General characteristics
- Class & type: Shiratsuyu-class destroyer
- Displacement: 1,685 long tons (1,712 t)
- Length: 103.5 m (340 ft) pp; 107.5 m (352 ft 8 in) waterline;
- Beam: 9.9 m (32 ft 6 in)
- Draft: 3.5 m (11 ft 6 in)
- Propulsion: 2 shaft Kampon geared turbines; 3 boilers, 42,000 hp (31,000 kW);
- Speed: 34 knots (39 mph; 63 km/h)
- Range: 4,000 nmi (7,400 km) at 18 kn (33 km/h)
- Complement: 226
- Armament: 5 × 12.7 cm/50 Type 3 naval guns (2×2, 1×1); 2 × Type 93 13 mm AA guns; 8 × 24 in (610 mm) torpedo tubes; 16 × Depth charges;

Service record
- Operations: Battle of Tarakan (1942); Battle of the Java Sea (1942); Battle of Midway (1942); Battle of the Eastern Solomons (1942); Battle of the Santa Cruz Islands (1942); First Naval Battle of Guadalcanal (1942); Battle of Tassafaronga (1942); Battle of Vella Gulf (1943);

= Japanese destroyer Kawakaze (1936) =

Destroyer of the Imperial Japanese Navy

Kawakaze (江風, ”River Wind”) was the ninth of ten s, and the third to be built for the Imperial Japanese Navy under the Circle Two Program (Maru Ni Keikaku). Completed in April of 1937, Kawakaze took part in the battle of the Java Sea, where she assisted in sinking the destroyer HMS Encounter and escorted carriers at the battles of the Eastern Solomons and Santa Cruz. During the Guadalcanal campaign, Kawakaze torpedoed and sank the destroyer USS Blue and after bombarding Henderson Field she took part in the battle of Tassafaronga, where she probably torpedoed and sank the heavy cruiser USS Northampton.
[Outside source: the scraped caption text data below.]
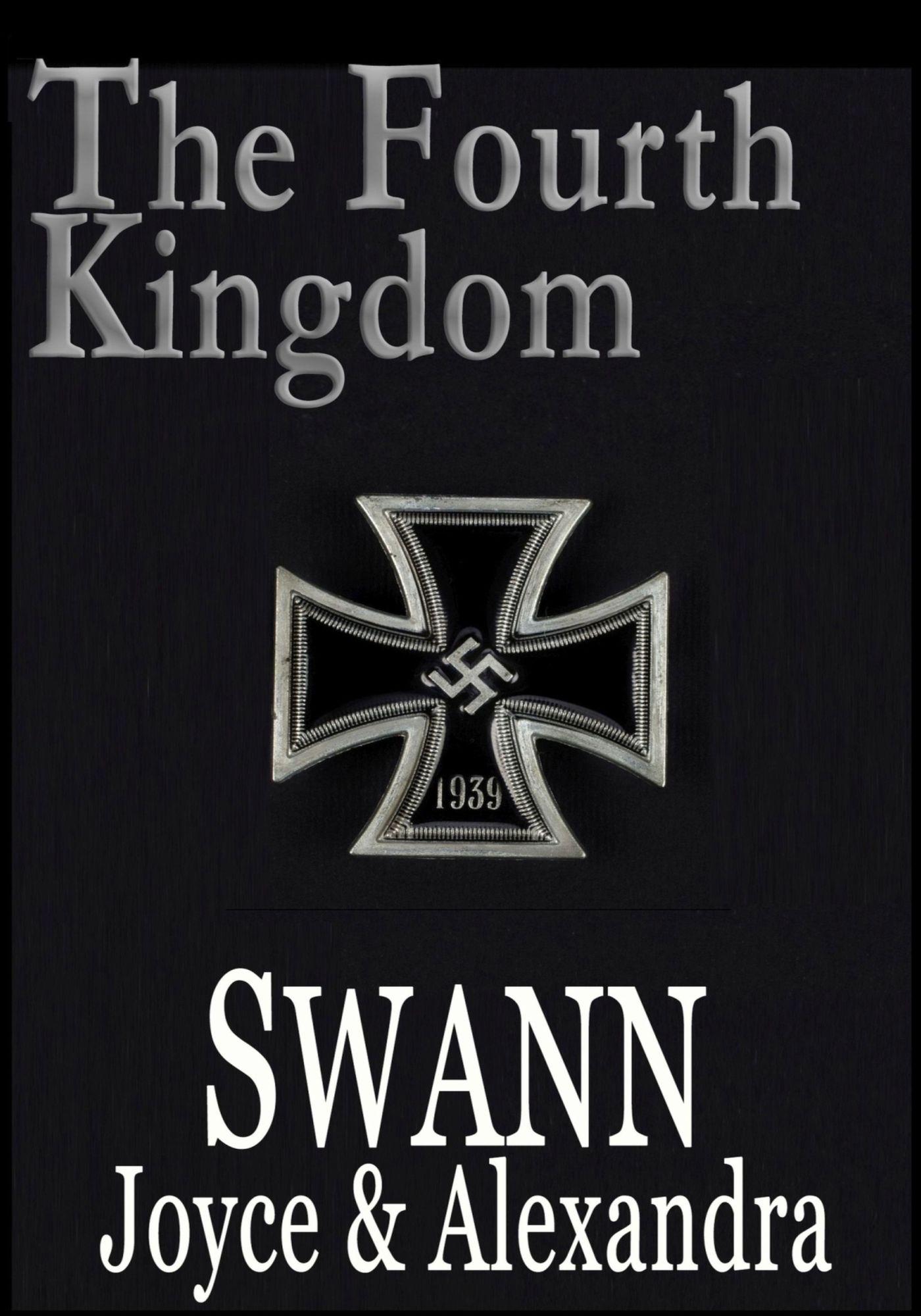 https://0201.nccdn.net/4_2/000/000/04d/add/the-fourth-kiingdom-front-cover-for-kindle.jpg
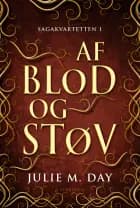 Af blod og støv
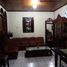 5 Bedroom House for sale in Husein Sastranegara International Airport, Andir, Sumurbandung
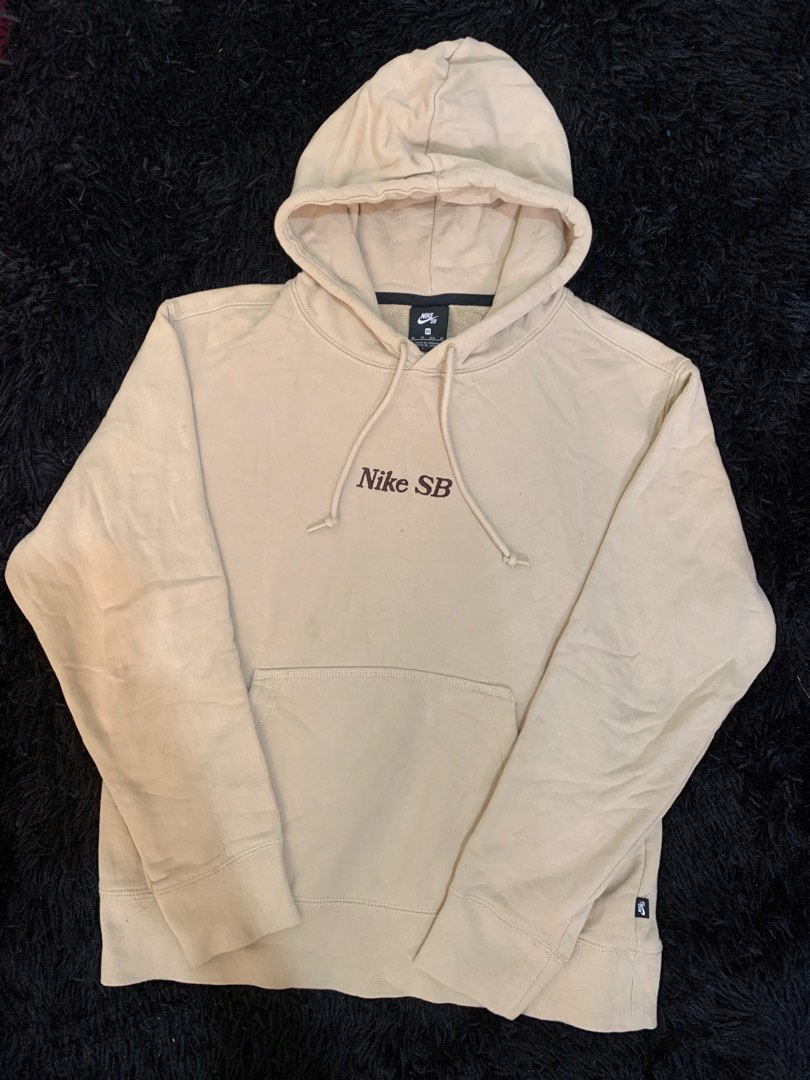 nike sb hoodies for men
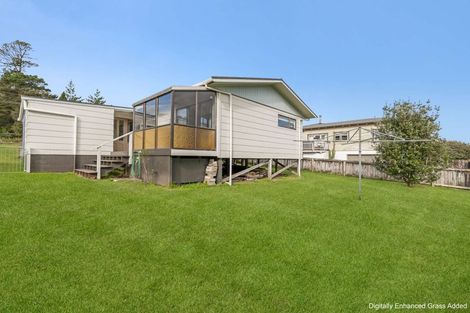 Photo of property in 12 Savage Road, Waihi, 3610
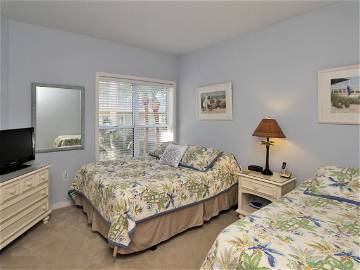 Logement Entier Hilton Head Island 86545-6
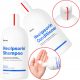 Healpsorin™ - Set šampona i regeneratora za psorijazu i seboroični dermatitis, 500 ml + 500 ml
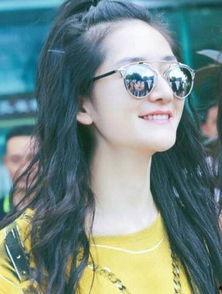 娱乐吃瓜谢娜,娱乐圈的“吃瓜女王”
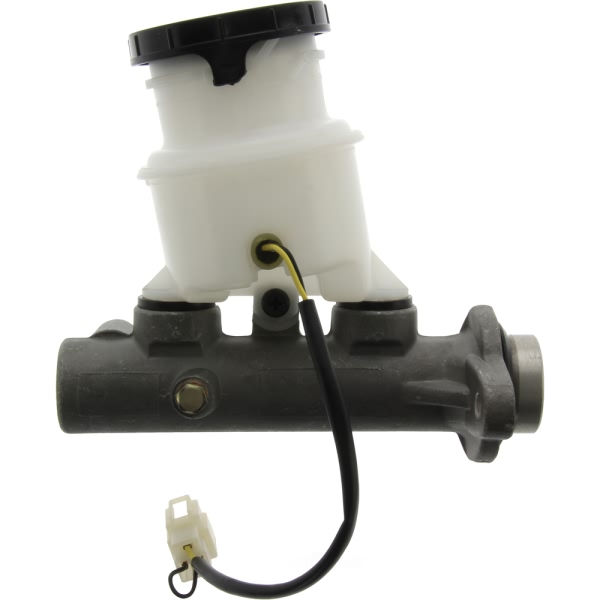 Centric Premium Brake Master Cylinder 130.43025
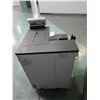 Image 11 : RICOH SP CB40DN Color Laser Printer w/ Display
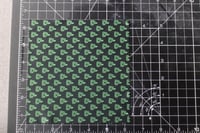 Image 2 of Riddler glasses microfiber cloth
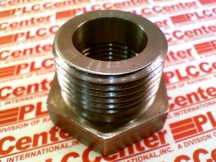 INGERSOLL RAND BU-38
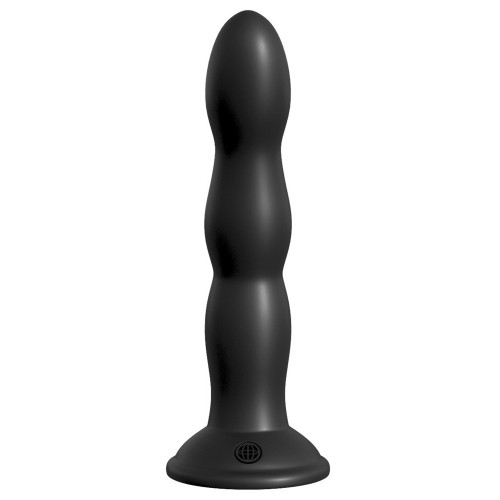 Fetish Fantasy Series - Strap On con Dildo...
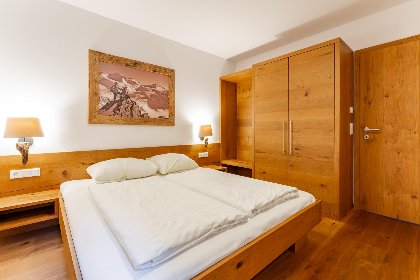 025 Residenz Wildkogelbahn Top 4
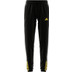 adidas Tiro 23 Competition Trainingspak Kids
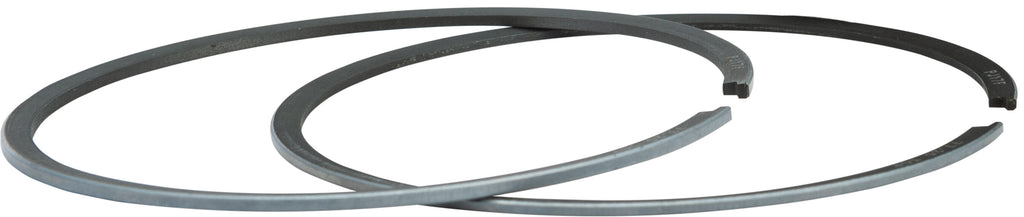 SPORT-PARTS INC. RING END GAP GRINDER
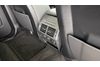 Land Rover Discovery Sport 1.5 P270e PHEV Metropolitan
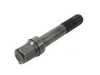 Genuine BMW Genuine BMW Crankshaft Bolt - M50 M52 M54 S50 S52 11211720633 View 2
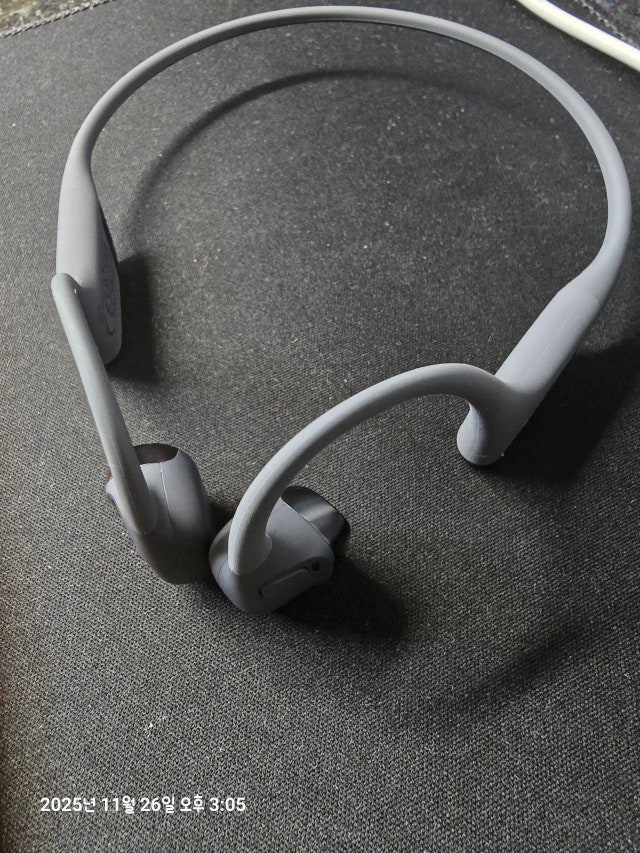 1000078016.jpg?type=w640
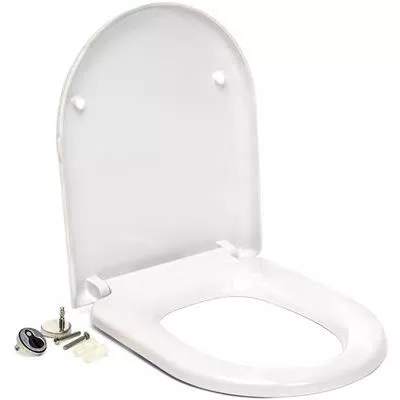 Toalettsits - 005050239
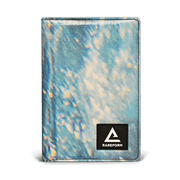 Huxley Passport Holder
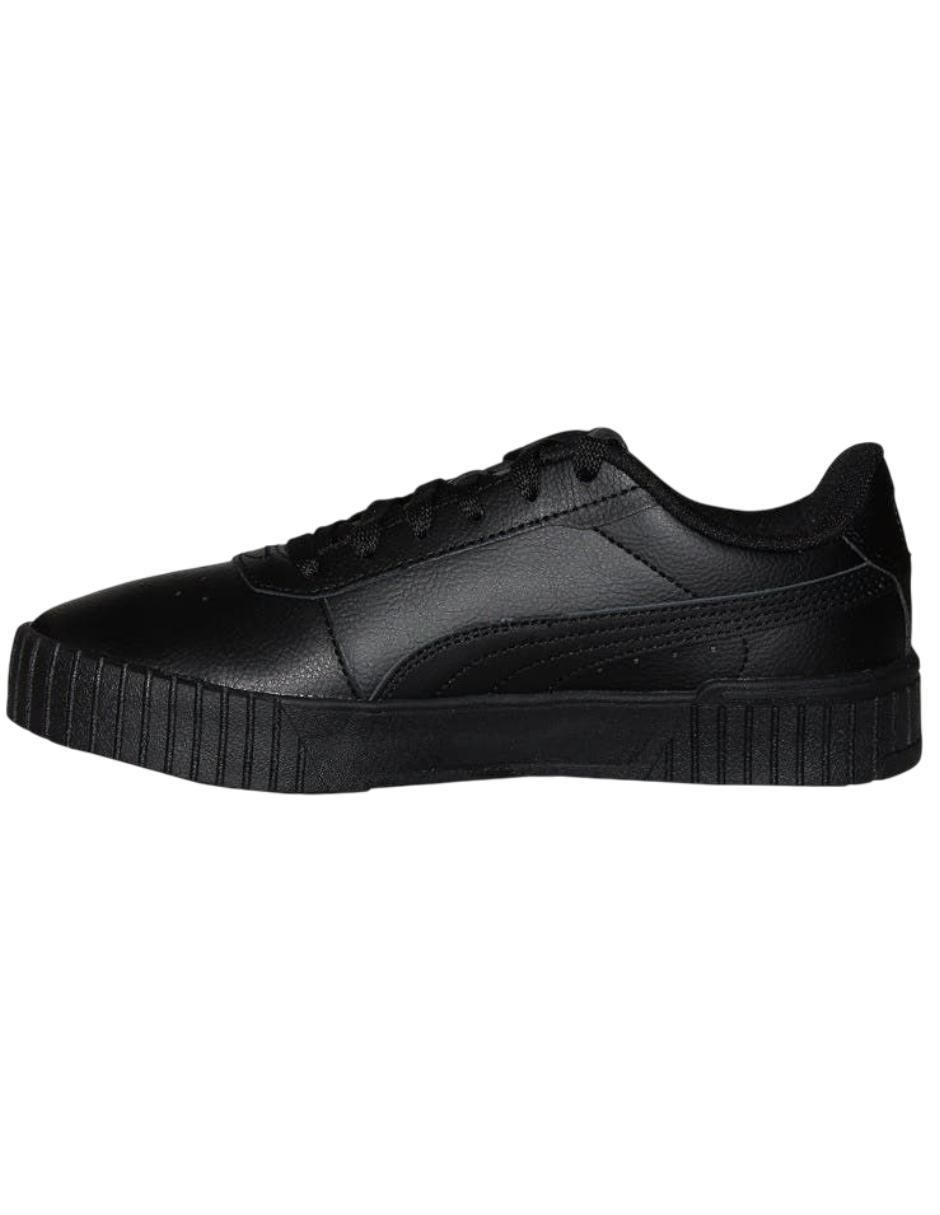 Tenis para mujer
On Patrol duty off Guadalcanal, Kawakaze helped to sink the torpedo boat PT-44, then took part in the evacuation of Guadalcanal, during which she sank the torpedo boats PT-37 and PT-111. After a large variety of escorting and transport missions, Kawakaze was sunk by a torpedo attack from US destroyers at the battle of Vella Gulf, August 7, 1943.

==History==
The Shiratsuyu-class destroyers were modified versions of the , and were designed to accompany the Japanese main striking force and to conduct both day and night torpedo attacks against the United States Navy as it advanced across the Pacific Ocean, according to Japanese naval strategic projections. The Shiratsuyu class had the same originally planned main armament of the Hatsuharu class destroyers, five 12.7 cm (5 in)/50 guns in two twin turrets, one forward and one aft, and one aft single turret. Alongside this, their torpedo battery was improved to eight 61 cm (24 in) torpedo tubes in two quadrupole mounts, each equipped with a reload and firing type 93 torpedoes. They also had an improved speed of 34 knots.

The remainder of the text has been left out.